▶ PROBLEM TO WORK ON: Write out the full listing exactly.

▶ TASK MATERIAL:
<<<<
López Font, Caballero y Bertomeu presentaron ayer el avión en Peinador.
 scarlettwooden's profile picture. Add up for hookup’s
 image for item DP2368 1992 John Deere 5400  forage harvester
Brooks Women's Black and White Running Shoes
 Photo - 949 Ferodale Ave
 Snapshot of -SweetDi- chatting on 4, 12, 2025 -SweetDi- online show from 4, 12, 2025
>>>>
▶ ANSWER BELOW:
López Font, Caballero y Bertomeu presentaron ayer el avión en Peinador.
 scarlettwooden's profile picture. Add up for hookup’s
 image for item DP2368 1992 John Deere 5400  forage harvester
Brooks Women's Black and White Running Shoes
 Photo - 949 Ferodale Ave
 Snapshot of -SweetDi- chatting on 4, 12, 2025 -SweetDi- online show from 4, 12, 2025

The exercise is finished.